### ASSIGNMENT:
Given the entries below, would you transcribe exactly the lines starting at the one with "Valentine Rocco the" and ending at the one with "22875-63-4 ethyl 2-(2-oxopiperidin-1-yl)acetate", both kept, pictures omitted, nothing extra?

[Captioned web images]
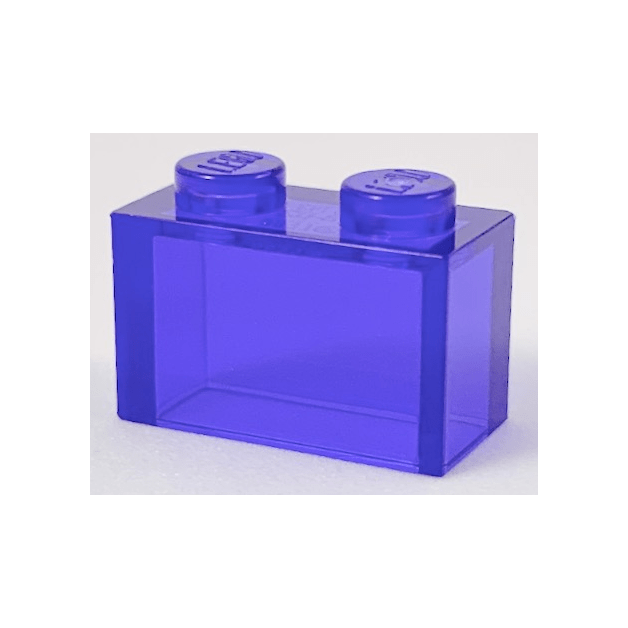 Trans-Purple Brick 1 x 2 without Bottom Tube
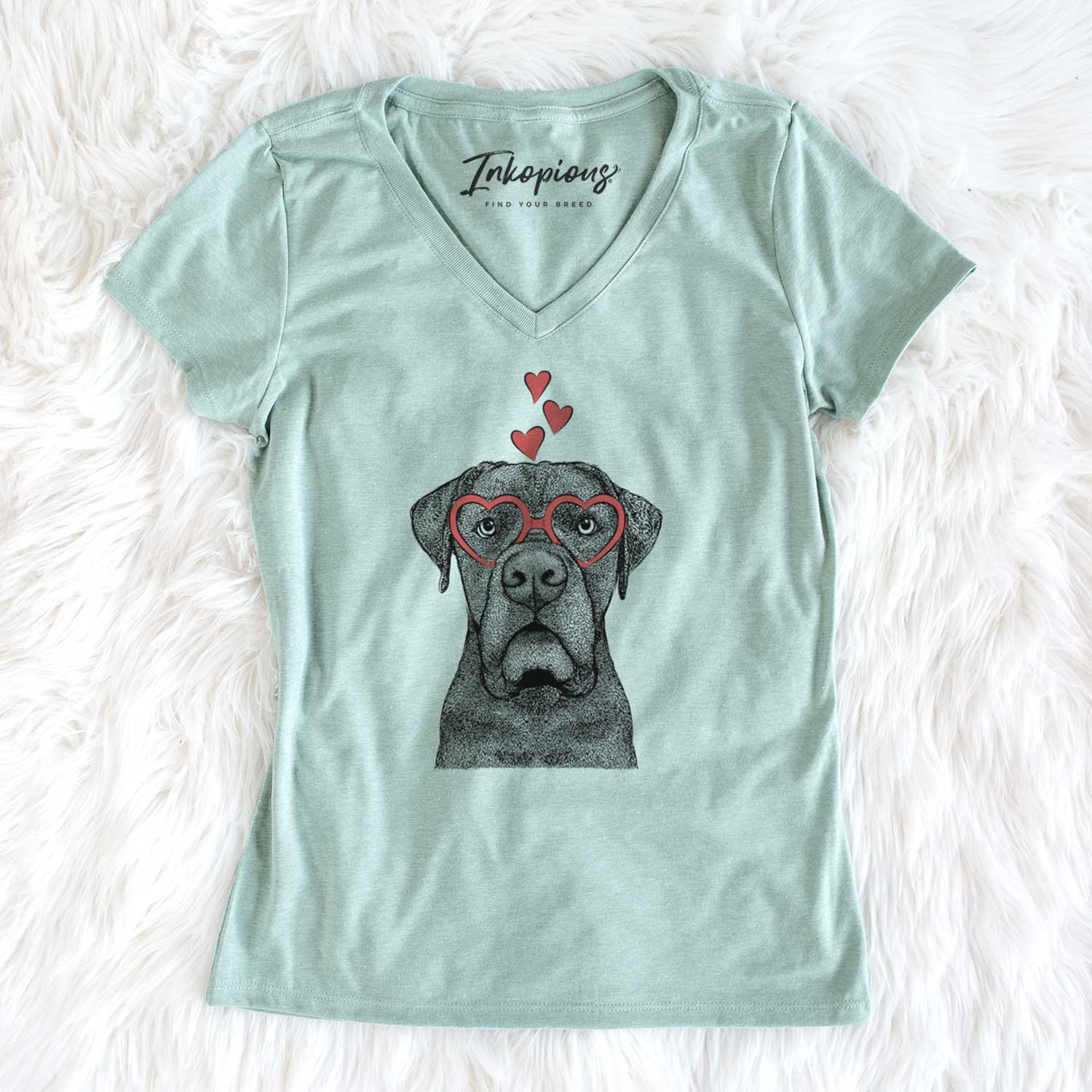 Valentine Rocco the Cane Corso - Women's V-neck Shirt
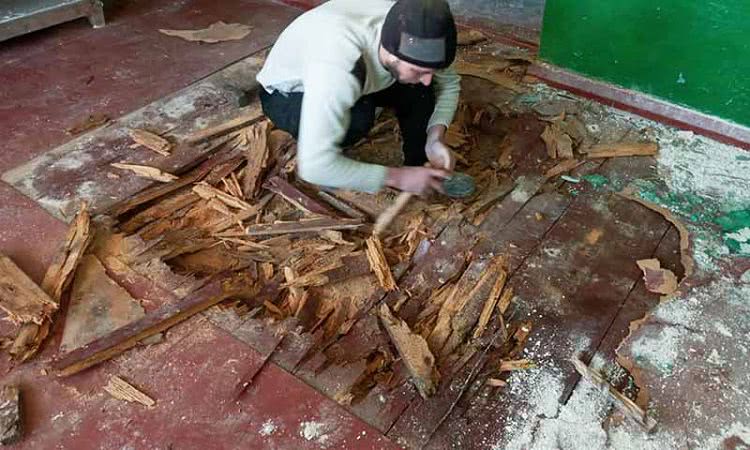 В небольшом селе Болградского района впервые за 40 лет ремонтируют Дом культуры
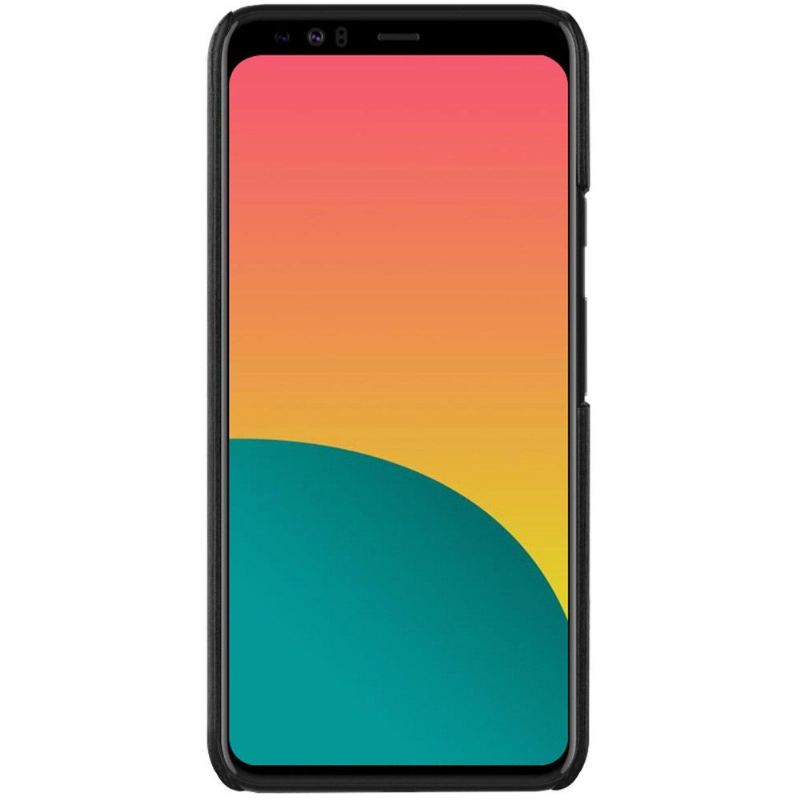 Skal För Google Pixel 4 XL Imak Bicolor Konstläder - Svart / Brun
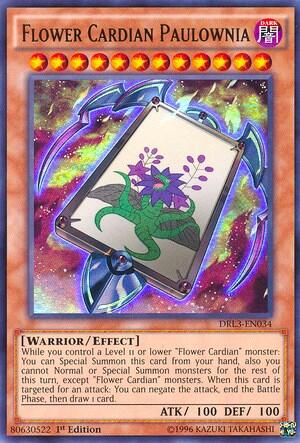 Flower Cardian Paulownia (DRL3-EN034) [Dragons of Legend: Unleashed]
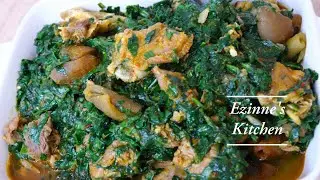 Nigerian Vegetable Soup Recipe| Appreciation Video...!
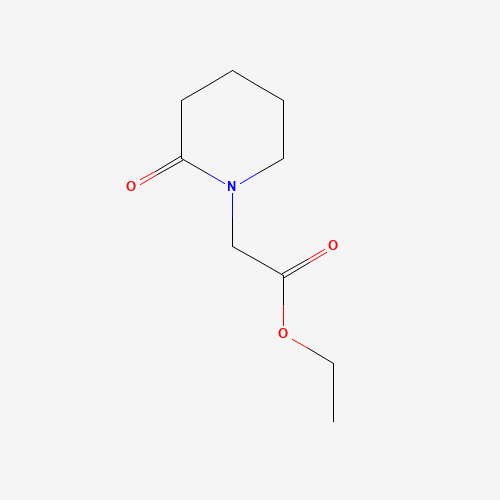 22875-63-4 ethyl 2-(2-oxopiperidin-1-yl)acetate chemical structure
* * *
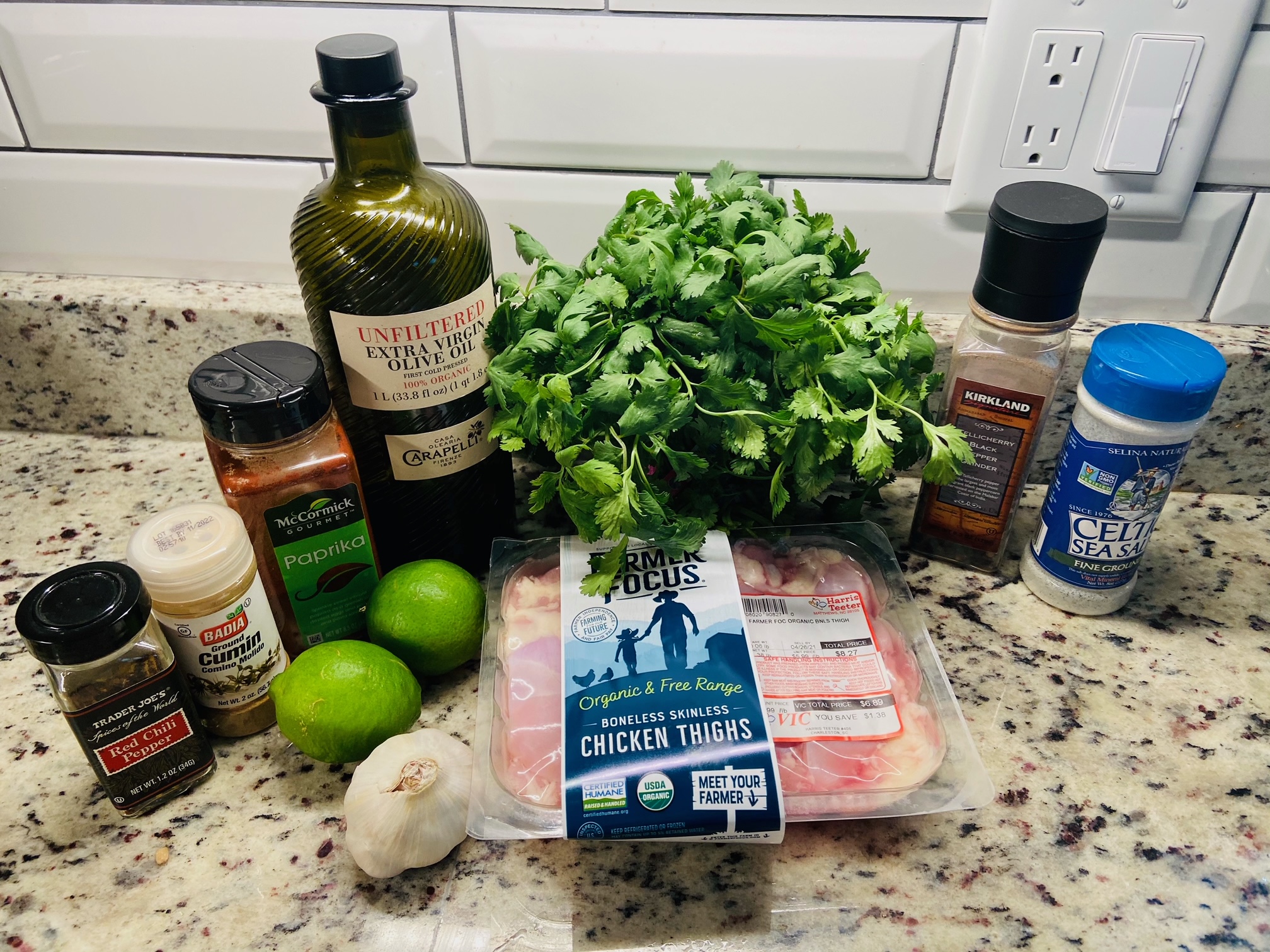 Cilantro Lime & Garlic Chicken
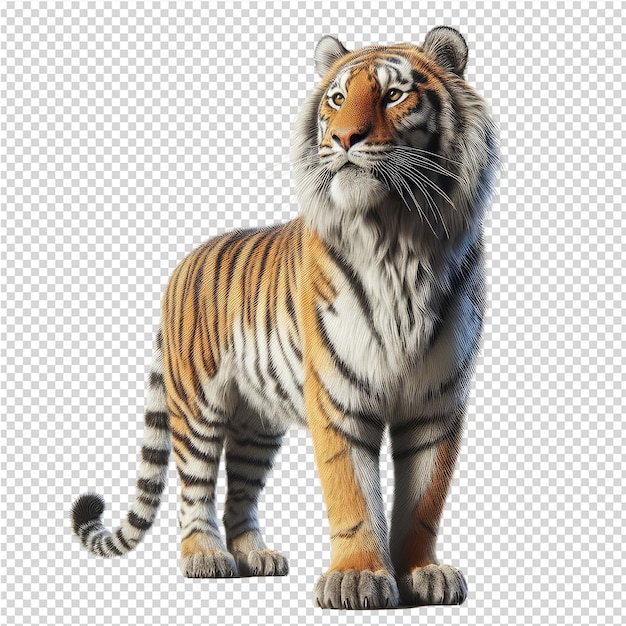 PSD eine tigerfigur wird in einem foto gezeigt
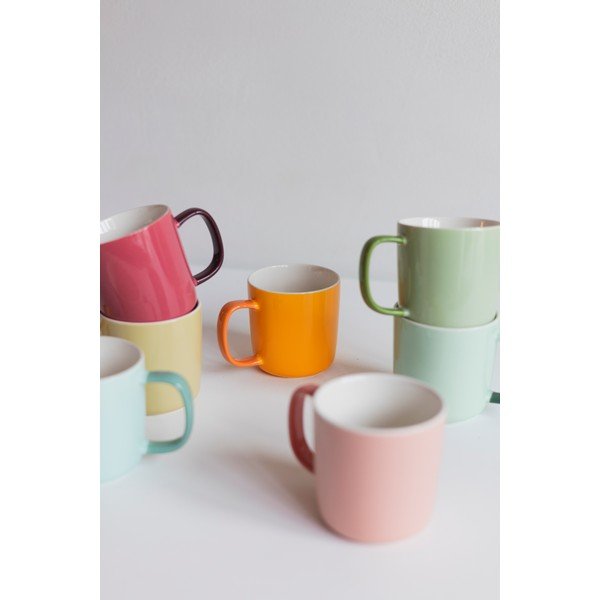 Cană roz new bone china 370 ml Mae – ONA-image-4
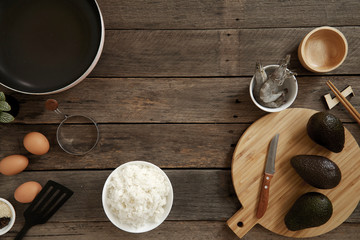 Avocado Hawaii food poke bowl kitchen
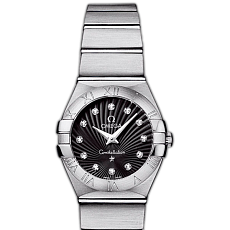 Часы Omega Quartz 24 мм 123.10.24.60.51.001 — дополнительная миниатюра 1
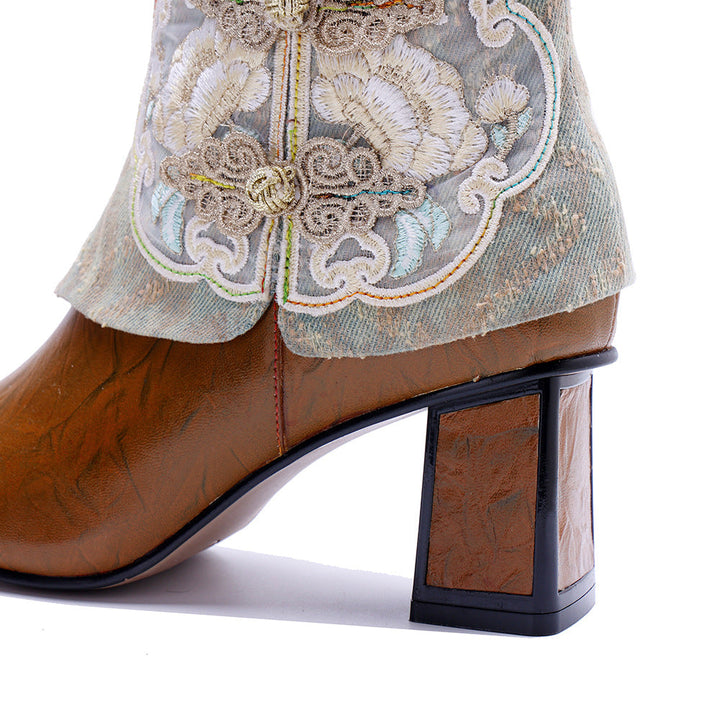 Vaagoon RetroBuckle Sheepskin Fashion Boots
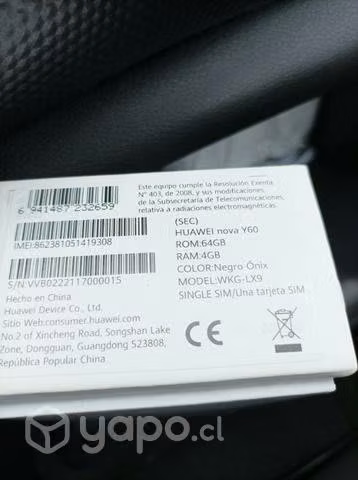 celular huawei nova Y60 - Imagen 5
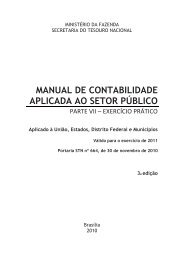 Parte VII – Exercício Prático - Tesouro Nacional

### RESULT OF THIS TASK:
 Valentine Rocco the Cane Corso - Women's V-neck Shirt
 В небольшом селе Болградского района впервые за 40 лет ремонтируют Дом культуры
 Skal För Google Pixel 4 XL Imak Bicolor Konstläder - Svart / Brun
 Flower Cardian Paulownia (DRL3-EN034) [Dragons of Legend: Unleashed]
 Nigerian Vegetable Soup Recipe| Appreciation Video...!
 22875-63-4 ethyl 2-(2-oxopiperidin-1-yl)acetate chemical structure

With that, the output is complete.